Product Quantization operates by dividing the high-dimensional space into low-dimensional spaces using Cartesian products, and then quantizing each of these subspaces independently. The original high-dimensional vector space is divided into distinct subspaces. For each of these subspaces, a separate codebook is learned. Each codebook contains centroids that are representative of the data distribution in that subspace. High-dimensional vectors are then represented as a concatenation of codes where each code corresponds to the nearest centroid in the respective subspace. This results in a compact and efficient representation of the high-dimensional vectors. PQ is known as an inverted index because it maps high-dimensional vectors to a compact code, and these codes can be used as keys in an index to quickly retrieve the vectors during a search operation.

Product Quantization is particularly well-suited for large-scale datasets in high-dimensional spaces where memory usage and speed are most important. On the positive side, it provides a very compact representation of high-dimensional vectors, reducing memory usage by up to 97–98%. It allows for fast nearest neighbor search, especially when combined with an inverted file system which further optimizes storage and lookup accuracy. On the downside, PQ, like other methods for approximate nearest neighbor search, is known to have lower recall and accuracy. Learning the codebooks can be computationally expensive, especially for large datasets, which can increase preprocessing time and requires re-indexing with sufficient data drift. There is a tradeoff between the quality of the results and the compactness of the representation — using more centroids will generally give better results but will also require more memory. Additionally, the division of the original space into subspaces is fixed, which may not always be optimal for a data distribution.

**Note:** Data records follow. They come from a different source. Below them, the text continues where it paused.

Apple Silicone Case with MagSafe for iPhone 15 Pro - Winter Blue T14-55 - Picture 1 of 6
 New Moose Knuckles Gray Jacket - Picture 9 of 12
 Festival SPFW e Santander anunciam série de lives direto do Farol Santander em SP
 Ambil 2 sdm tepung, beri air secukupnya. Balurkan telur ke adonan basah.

Product Quantization is a powerful method for approximate nearest neighbor search in high-dimensional spaces, offering a tradeoff biased towards memory efficiency and speed with marginally lower search quality. Although it may not be the best choice for all scenarios, the specific requirements of the task should be considered when choosing this method. It is often used as one component of a more complex hybrid algorithm in vector databases, for instance PQ with Inverted file indexes is an optimization used in HNSW.

Local Sensitivity Hashing

In the realm of hashing algorithms utilized in vector databases, one shines for its efficiency and simplicity: Locality-Sensitive Hashing, or LSH. LSH is a method designed to handle high-dimensional data by hashing input items in such a way that similar items map to the same “buckets” with a high probability, while dissimilar items map to different buckets with a high probability. It’s a popular technique in machine learning, data mining, and information retrieval, especially when dealing with large-scale and high-dimensional data. It is important and effective in handling high-dimensional data, making it a crucial player in the field. It’s particularly notable for its scalability and ability to provide approximate nearest neighbor search results efficiently in high-dimensional spaces.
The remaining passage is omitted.